EXERCISE DATA:

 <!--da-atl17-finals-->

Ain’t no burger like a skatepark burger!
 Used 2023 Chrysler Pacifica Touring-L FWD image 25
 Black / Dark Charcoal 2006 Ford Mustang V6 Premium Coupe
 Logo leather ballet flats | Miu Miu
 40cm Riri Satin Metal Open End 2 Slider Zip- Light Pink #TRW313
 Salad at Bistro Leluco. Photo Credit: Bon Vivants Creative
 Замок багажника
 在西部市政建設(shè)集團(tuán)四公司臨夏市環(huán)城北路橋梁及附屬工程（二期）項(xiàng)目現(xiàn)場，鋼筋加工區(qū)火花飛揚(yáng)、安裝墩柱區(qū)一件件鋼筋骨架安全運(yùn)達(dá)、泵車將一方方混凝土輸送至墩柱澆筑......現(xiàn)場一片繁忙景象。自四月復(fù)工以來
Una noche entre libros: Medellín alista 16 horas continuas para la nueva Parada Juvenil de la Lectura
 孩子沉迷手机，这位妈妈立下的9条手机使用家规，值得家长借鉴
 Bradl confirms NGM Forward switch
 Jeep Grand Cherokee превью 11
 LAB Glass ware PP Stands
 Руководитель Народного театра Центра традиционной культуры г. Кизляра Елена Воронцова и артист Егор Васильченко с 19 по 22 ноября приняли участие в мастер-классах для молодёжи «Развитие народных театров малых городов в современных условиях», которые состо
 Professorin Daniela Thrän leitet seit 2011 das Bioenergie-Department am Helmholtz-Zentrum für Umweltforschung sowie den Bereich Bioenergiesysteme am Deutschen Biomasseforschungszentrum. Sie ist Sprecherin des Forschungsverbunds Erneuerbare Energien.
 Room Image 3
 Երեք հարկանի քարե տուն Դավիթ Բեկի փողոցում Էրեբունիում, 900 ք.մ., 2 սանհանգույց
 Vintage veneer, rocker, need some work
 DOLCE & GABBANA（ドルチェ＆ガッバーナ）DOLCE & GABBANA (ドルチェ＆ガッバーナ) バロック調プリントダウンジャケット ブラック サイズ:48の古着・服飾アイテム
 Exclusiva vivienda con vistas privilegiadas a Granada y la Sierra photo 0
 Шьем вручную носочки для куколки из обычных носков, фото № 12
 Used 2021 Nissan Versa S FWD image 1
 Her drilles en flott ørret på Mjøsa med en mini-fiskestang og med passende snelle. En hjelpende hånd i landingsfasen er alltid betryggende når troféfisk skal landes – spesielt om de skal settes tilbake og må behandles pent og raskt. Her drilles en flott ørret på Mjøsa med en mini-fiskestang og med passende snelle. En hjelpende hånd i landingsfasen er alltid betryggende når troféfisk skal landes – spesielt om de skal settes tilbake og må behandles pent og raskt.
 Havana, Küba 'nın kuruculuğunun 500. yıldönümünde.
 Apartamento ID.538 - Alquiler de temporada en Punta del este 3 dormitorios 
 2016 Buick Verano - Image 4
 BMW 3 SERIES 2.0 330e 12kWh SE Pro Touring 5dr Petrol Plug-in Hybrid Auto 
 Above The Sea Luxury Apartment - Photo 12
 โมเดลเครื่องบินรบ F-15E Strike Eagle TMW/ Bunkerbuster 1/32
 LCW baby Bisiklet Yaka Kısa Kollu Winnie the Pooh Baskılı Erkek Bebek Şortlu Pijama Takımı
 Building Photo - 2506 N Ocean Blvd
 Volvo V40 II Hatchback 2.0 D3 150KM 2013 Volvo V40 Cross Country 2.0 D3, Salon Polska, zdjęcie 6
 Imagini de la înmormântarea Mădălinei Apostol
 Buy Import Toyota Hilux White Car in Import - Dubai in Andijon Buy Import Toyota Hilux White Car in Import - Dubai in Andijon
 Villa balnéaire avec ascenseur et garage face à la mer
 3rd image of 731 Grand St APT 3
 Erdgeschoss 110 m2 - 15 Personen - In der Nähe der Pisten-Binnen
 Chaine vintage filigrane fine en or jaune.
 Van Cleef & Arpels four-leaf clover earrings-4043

WHAT YOU HAVE TO DO: Please retype, with no changes, the lines that run from the first line of the entries to the line with "Exclusiva vivienda con", both ends included.

SOLVED EXERCISE:
 <!--da-atl17-finals-->

Ain’t no burger like a skatepark burger!
 Used 2023 Chrysler Pacifica Touring-L FWD image 25
 Black / Dark Charcoal 2006 Ford Mustang V6 Premium Coupe
 Logo leather ballet flats | Miu Miu
 40cm Riri Satin Metal Open End 2 Slider Zip- Light Pink #TRW313
 Salad at Bistro Leluco. Photo Credit: Bon Vivants Creative
 Замок багажника
 在西部市政建設(shè)集團(tuán)四公司臨夏市環(huán)城北路橋梁及附屬工程（二期）項(xiàng)目現(xiàn)場，鋼筋加工區(qū)火花飛揚(yáng)、安裝墩柱區(qū)一件件鋼筋骨架安全運(yùn)達(dá)、泵車將一方方混凝土輸送至墩柱澆筑......現(xiàn)場一片繁忙景象。自四月復(fù)工以來
Una noche entre libros: Medellín alista 16 horas continuas para la nueva Parada Juvenil de la Lectura
 孩子沉迷手机，这位妈妈立下的9条手机使用家规，值得家长借鉴
 Bradl confirms NGM Forward switch
 Jeep Grand Cherokee превью 11
 LAB Glass ware PP Stands
 Руководитель Народного театра Центра традиционной культуры г. Кизляра Елена Воронцова и артист Егор Васильченко с 19 по 22 ноября приняли участие в мастер-классах для молодёжи «Развитие народных театров малых городов в современных условиях», которые состо
 Professorin Daniela Thrän leitet seit 2011 das Bioenergie-Department am Helmholtz-Zentrum für Umweltforschung sowie den Bereich Bioenergiesysteme am Deutschen Biomasseforschungszentrum. Sie ist Sprecherin des Forschungsverbunds Erneuerbare Energien.
 Room Image 3
 Երեք հարկանի քարե տուն Դավիթ Բեկի փողոցում Էրեբունիում, 900 ք.մ., 2 սանհանգույց
 Vintage veneer, rocker, need some work
 DOLCE & GABBANA（ドルチェ＆ガッバーナ）DOLCE & GABBANA (ドルチェ＆ガッバーナ) バロック調プリントダウンジャケット ブラック サイズ:48の古着・服飾アイテム
 Exclusiva vivienda con vistas privilegiadas a Granada y la Sierra photo 0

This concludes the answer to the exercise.